- [TASK OBJECTIVE]:
Output each record verbatim, with pictures left out.

- [DATA RECORDS]:
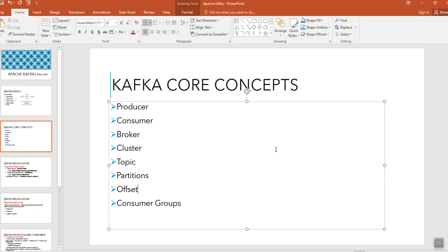So these are some of the basic terms which you use. And one more is that replication factor also. Replication factor is nothing but to make the copies of the same data so that it handles the fault tolerance. We also know that Apache Kafka is a fault tolerant system.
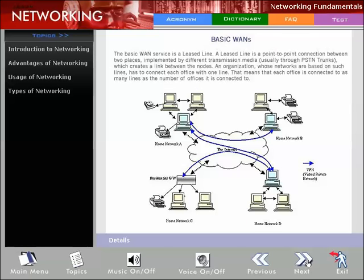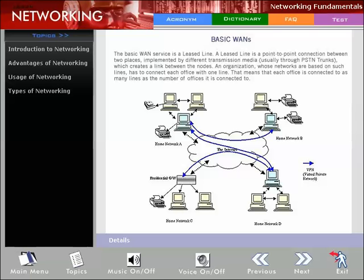Basic WANs: Basic WAN service is a leased line - a point-to-point connection between two places, typically implemented through PSTN trunks. An organization must connect each office with separate lines, meaning each office needs as many lines as the number of offices it connects to. Leased lines are point-to-point digital lines implemented by creating a permanent channel with known bandwidth between two nodes, transferring data through a dedicated digital network with automatic management.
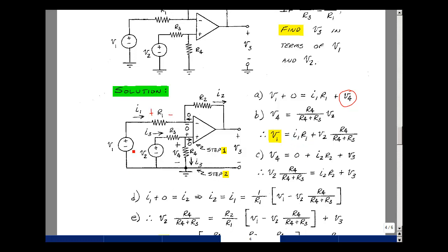We've gone around this first loop and used the voltage divider. Let's go around this second loop. The rise in voltage is V4, the drop is zero, and then the drop across here would be I2 times R2, and then a drop of V3. Now I have an equation with V4, I2, and V3. And I know that V4 equals R4 over (R3 plus R4) times V2.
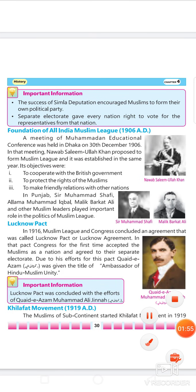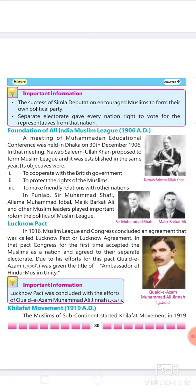Let us revise more points from your book. Foundation of All India Muslim League 1906: A meeting of Mohammedan Educational Conference was held in Dhaka on 30th December 1906. In that meeting, Nawab Salimullah Khan proposed to form Muslim League and it was established in the same year. Nawab Salimullah Khan was in Dhaka and had the great idea that Muslims should have a different political party.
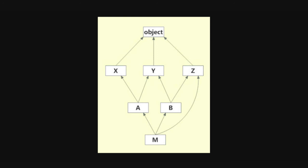So if we do M here and we check the MRO or method resolution order of M, what do you think the order is going to be? Pause the video here and try to guess what the order will be.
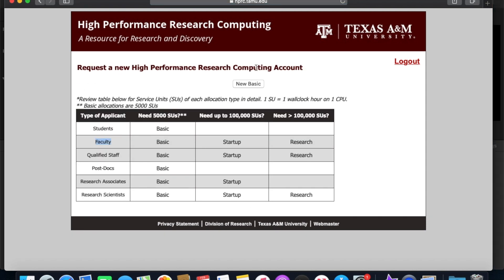So with the student academic classification, the only account that I can apply for is a new basic. However, there's two other types of accounts including startup and research that are available to other academic classifications such as faculty, qualified staff, what have you.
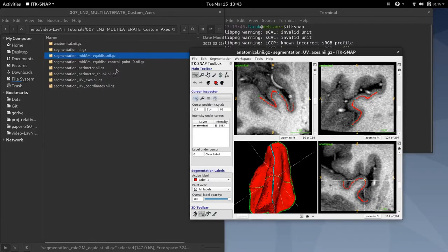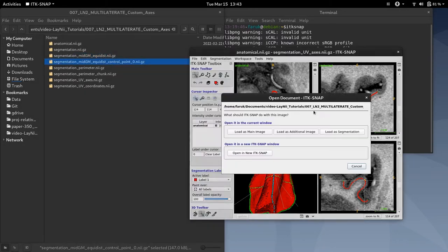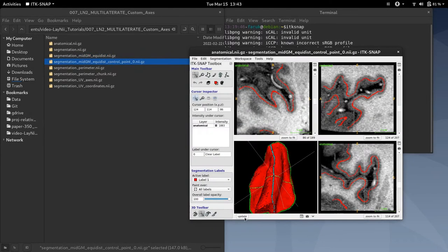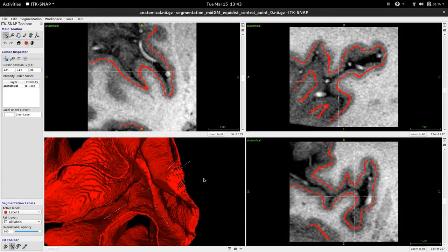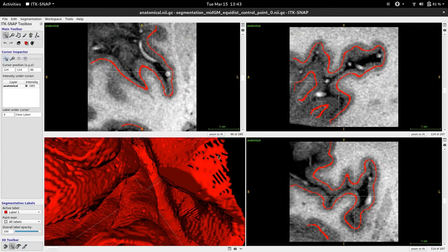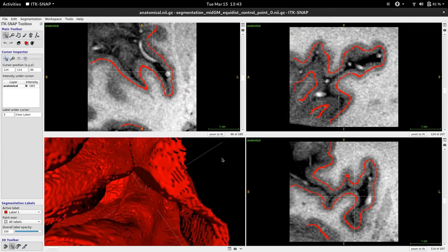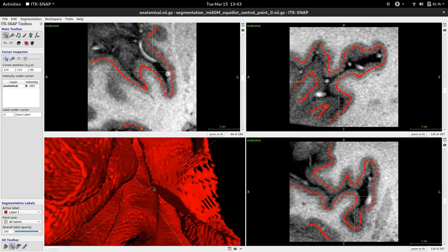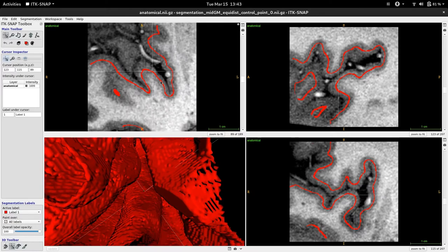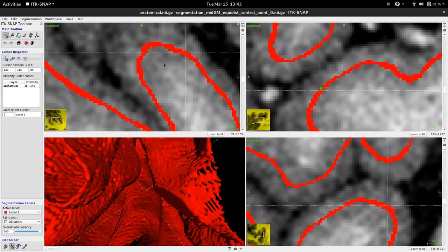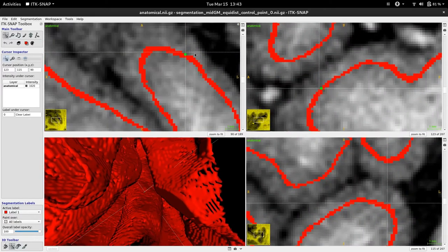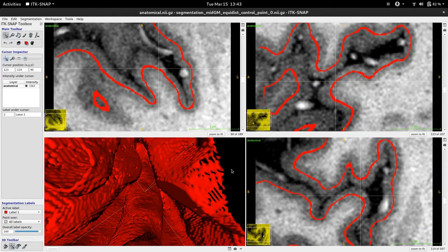So now, let's go back and load our control point 0 file. Here, you can see that we have a control point that is just the center of the disk that we are going to flatten — should be around here. To demonstrate ln2_multilaterate's custom axis function, I would like to show you how to edit this file.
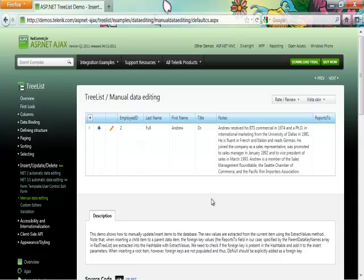In this video I'm going to show you how you can take use of the editing functionality of the RadTreeList control. The particular editing that I'm going to show you today is the manual one and I'll go through all the steps in Visual Studio in order to get this set up.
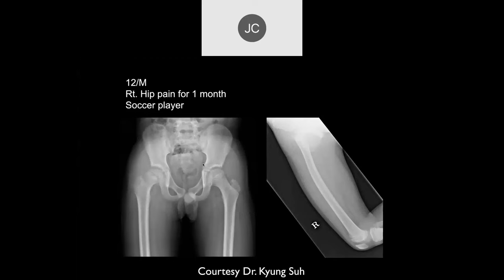12-year-old with right hip pain for a month. On the lateral view of the femur, there may be bowing of the femoral diaphysis, but actually the arrow was supposed to indicate the problem. There's widening of the growth plate under the right femoral epiphysis.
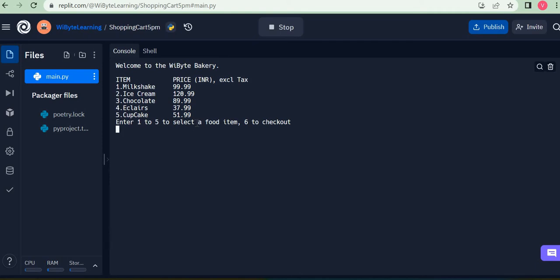We want to display those items in a way that the user can relate to. For example, we are saying: item one is milkshake, two is ice cream, whose price is 120.99 INR excluding tax, four is eclairs whose price is 37.99 excluding tax, and so on. In this video we are going to see how to create this kind of nice, understandable table so the user can start interacting with it.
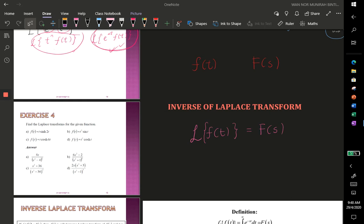Assalamualaikum and good morning. Today I want to discuss about the inverse of Laplace transform. Before that, let us try to cover some important points on the Laplace transform.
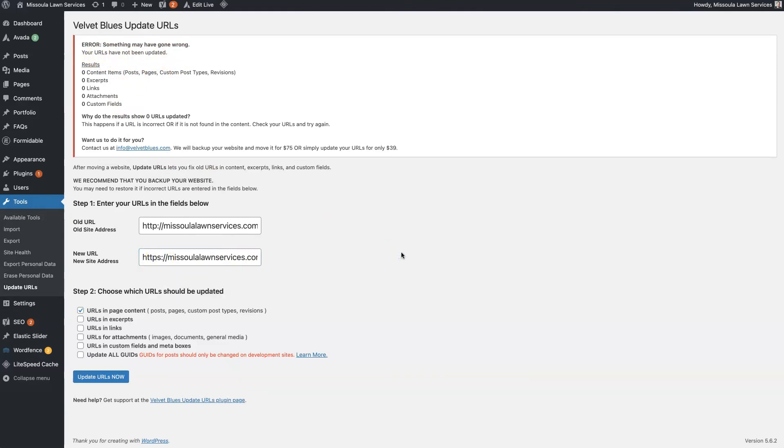But when you're setting up an SSL certificate, this is an easy way to make sure all of your URLs, including image URLs and basically all the URLs on the entire website, can be changed from HTTP to HTTPS just by simply putting the old one and the new one in here, selecting these four options and clicking Update.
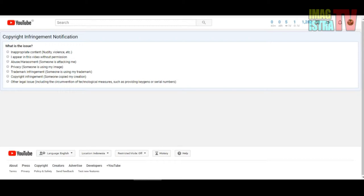Number three is abuse or harassment - someone is attacking or bullying me. Number four is privacy - someone is using my image. Number five is trademark infringement - someone is using my trademark or logo, so you can report if somebody else is using your logo or anything.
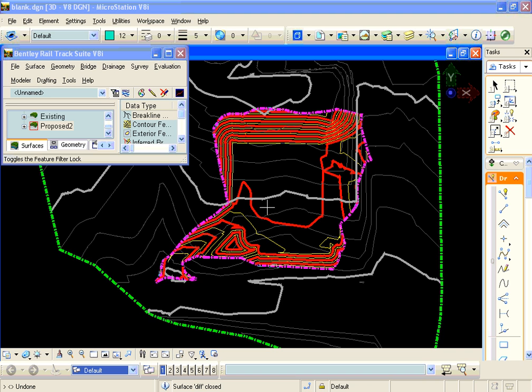We're also going to have daylight around the edges where our cut slopes come out of the existing ground and where our fill slopes intersect the existing ground. We're going to generate a line to represent that location.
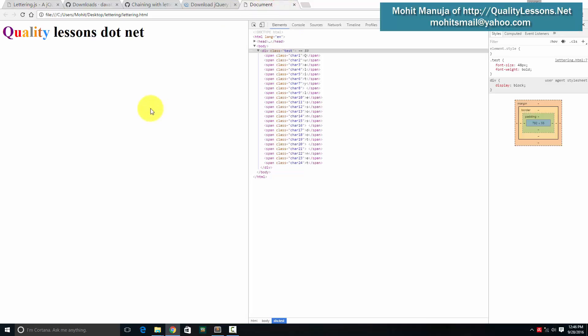Something similar is what I've done out here. The title actually says qualitylessons.net. That's the name of my website. And you can see lessons.net are in the plain black color, but the first word quality, every single letter has an individual separate color that does not match the other color.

- [SOLUTION TO THE EXERCISE]:
So these are some of the basic terms which you use. And one more is that replication factor also. Replication factor is nothing but to make the copies of the same data so that it handles the fault tolerance. We also know that Apache Kafka is a fault tolerant system.
Basic WANs: Basic WAN service is a leased line - a point-to-point connection between two places, typically implemented through PSTN trunks. An organization must connect each office with separate lines, meaning each office needs as many lines as the number of offices it connects to. Leased lines are point-to-point digital lines implemented by creating a permanent channel with known bandwidth between two nodes, transferring data through a dedicated digital network with automatic management.
We've gone around this first loop and used the voltage divider. Let's go around this second loop. The rise in voltage is V4, the drop is zero, and then the drop across here would be I2 times R2, and then a drop of V3. Now I have an equation with V4, I2, and V3. And I know that V4 equals R4 over (R3 plus R4) times V2.
Let us revise more points from your book. Foundation of All India Muslim League 1906: A meeting of Mohammedan Educational Conference was held in Dhaka on 30th December 1906. In that meeting, Nawab Salimullah Khan proposed to form Muslim League and it was established in the same year. Nawab Salimullah Khan was in Dhaka and had the great idea that Muslims should have a different political party.
So if we do M here and we check the MRO or method resolution order of M, what do you think the order is going to be? Pause the video here and try to guess what the order will be.
So with the student academic classification, the only account that I can apply for is a new basic. However, there's two other types of accounts including startup and research that are available to other academic classifications such as faculty, qualified staff, what have you.
So now, let's go back and load our control point 0 file. Here, you can see that we have a control point that is just the center of the disk that we are going to flatten — should be around here. To demonstrate ln2_multilaterate's custom axis function, I would like to show you how to edit this file.
In this video I'm going to show you how you can take use of the editing functionality of the RadTreeList control. The particular editing that I'm going to show you today is the manual one and I'll go through all the steps in Visual Studio in order to get this set up.
12-year-old with right hip pain for a month. On the lateral view of the femur, there may be bowing of the femoral diaphysis, but actually the arrow was supposed to indicate the problem. There's widening of the growth plate under the right femoral epiphysis.
We want to display those items in a way that the user can relate to. For example, we are saying: item one is milkshake, two is ice cream, whose price is 120.99 INR excluding tax, four is eclairs whose price is 37.99 excluding tax, and so on. In this video we are going to see how to create this kind of nice, understandable table so the user can start interacting with it.
Assalamualaikum and good morning. Today I want to discuss about the inverse of Laplace transform. Before that, let us try to cover some important points on the Laplace transform.
But when you're setting up an SSL certificate, this is an easy way to make sure all of your URLs, including image URLs and basically all the URLs on the entire website, can be changed from HTTP to HTTPS just by simply putting the old one and the new one in here, selecting these four options and clicking Update.
Number three is abuse or harassment - someone is attacking or bullying me. Number four is privacy - someone is using my image. Number five is trademark infringement - someone is using my trademark or logo, so you can report if somebody else is using your logo or anything.
We're also going to have daylight around the edges where our cut slopes come out of the existing ground and where our fill slopes intersect the existing ground. We're going to generate a line to represent that location.
Something similar is what I've done out here. The title actually says qualitylessons.net. That's the name of my website. And you can see lessons.net are in the plain black color, but the first word quality, every single letter has an individual separate color that does not match the other color.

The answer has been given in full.